Beginning at the line that contains "Image result for" and finishing at the line that contains "Embarass-1.jpg", output the data below exactly. Include both end lines and no pictures.

##### Records provided #####

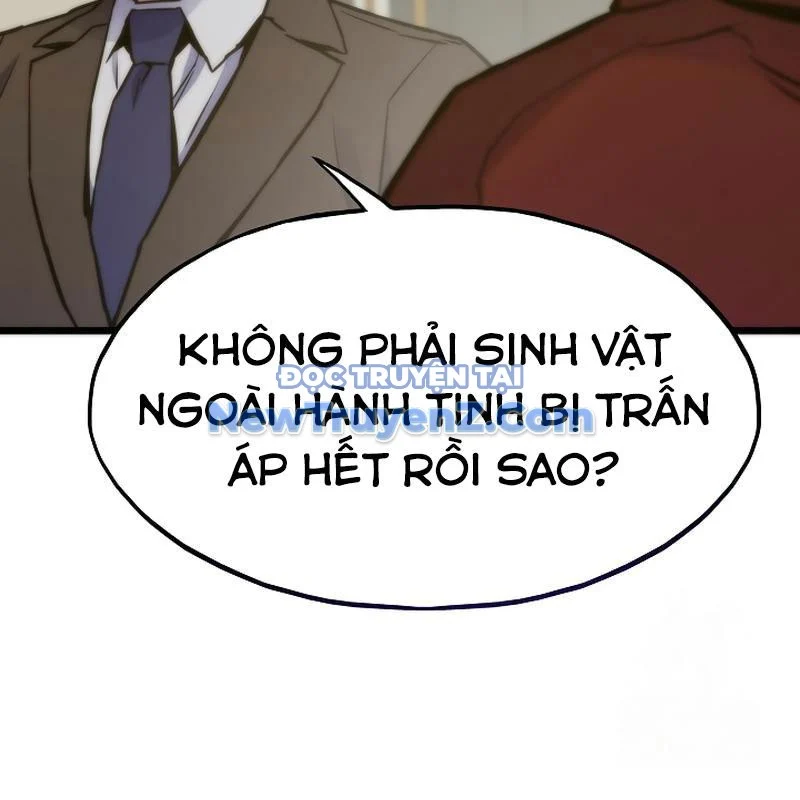 Hồi Quy Giả Chapter 129 - Trang 2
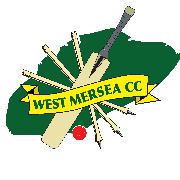 Image result for Felixstowe and Corinthians Youth Cc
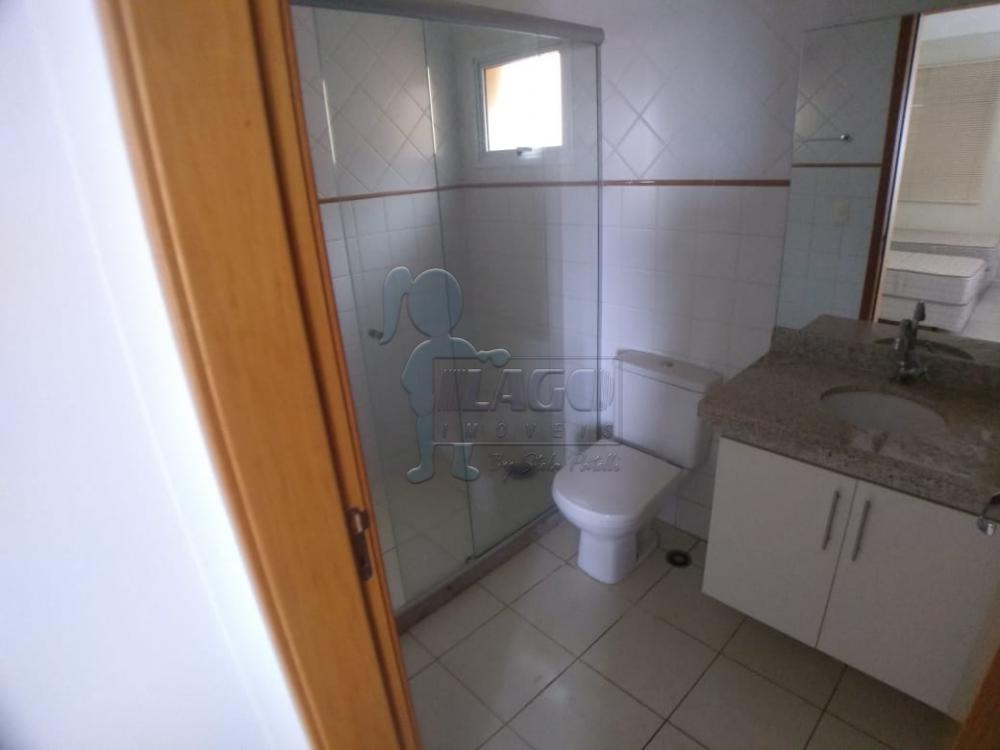 Alugar Apartamento / Kitnet em Ribeirão Preto R$ 1.400,00 - Foto 6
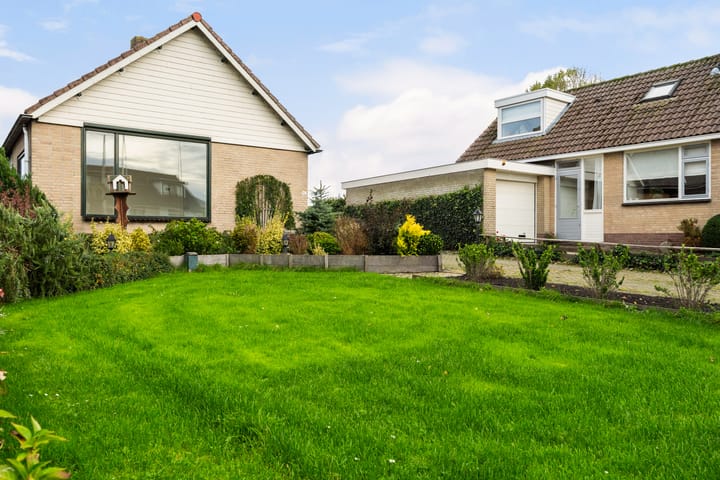 Foto 7 van Korteraarseweg 25-B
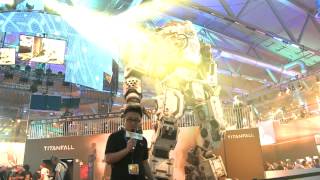 EApart1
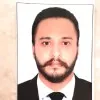 KulJeet singh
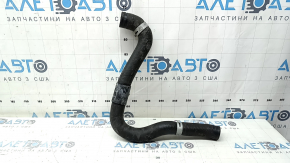 Upper cooling hose Lexus NX300h 15-21
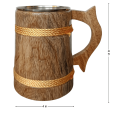262_79335a0e-f3be-48a7-9733-071d3dcb57b1.png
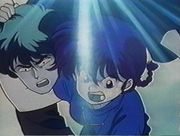 Embarass-1.jpg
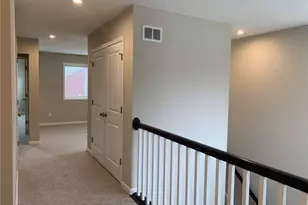 9923 Bluebird St NW, Coon Rapids, MN 55433 - Photo 8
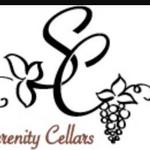Serenity Cellars
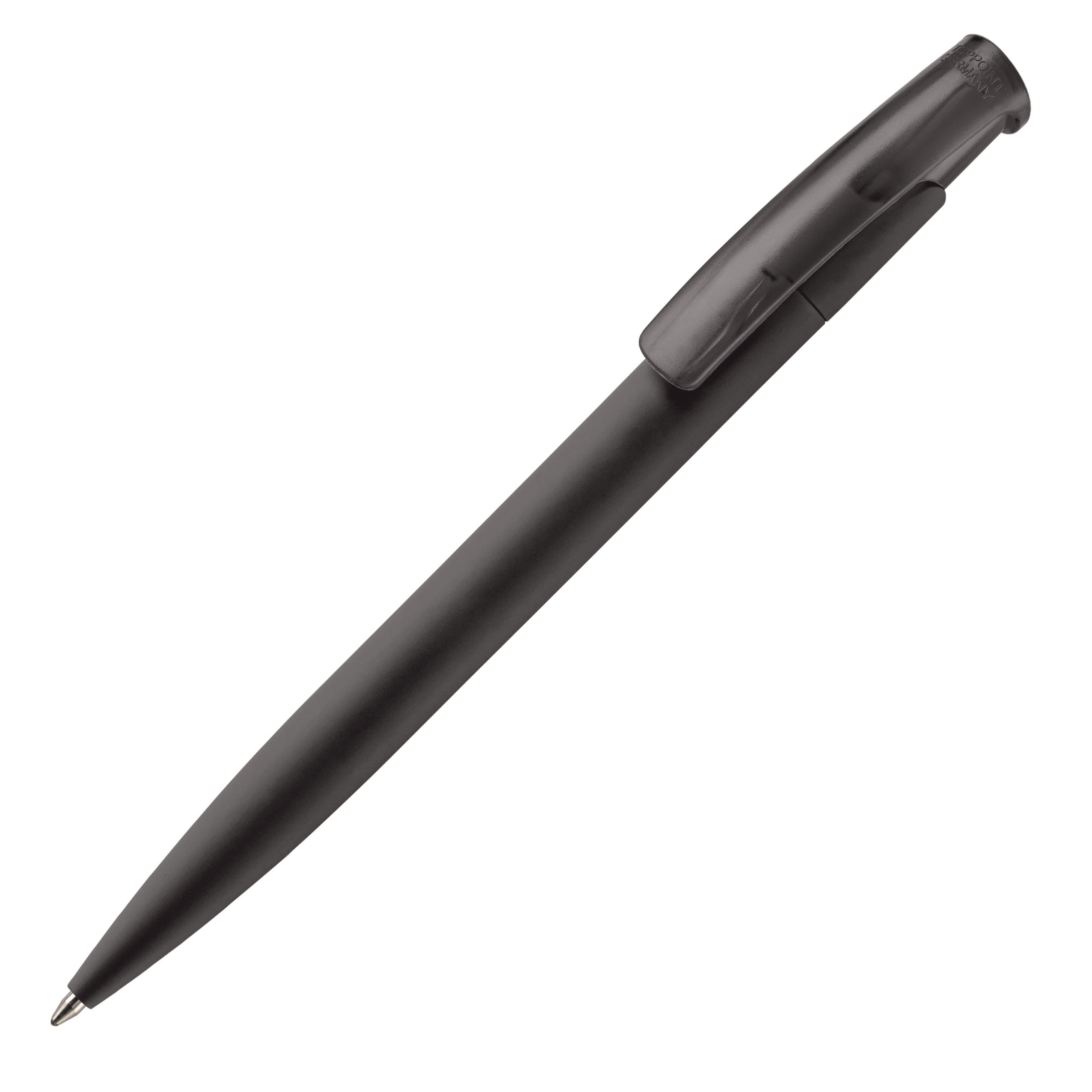 Kugelschreiber Avalon Soft-Touch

#####

- **Reply to the exercise**
 Image result for Felixstowe and Corinthians Youth Cc
 Alugar Apartamento / Kitnet em Ribeirão Preto R$ 1.400,00 - Foto 6
 Foto 7 van Korteraarseweg 25-B
 EApart1
 KulJeet singh
 Upper cooling hose Lexus NX300h 15-21
262_79335a0e-f3be-48a7-9733-071d3dcb57b1.png
 Embarass-1.jpg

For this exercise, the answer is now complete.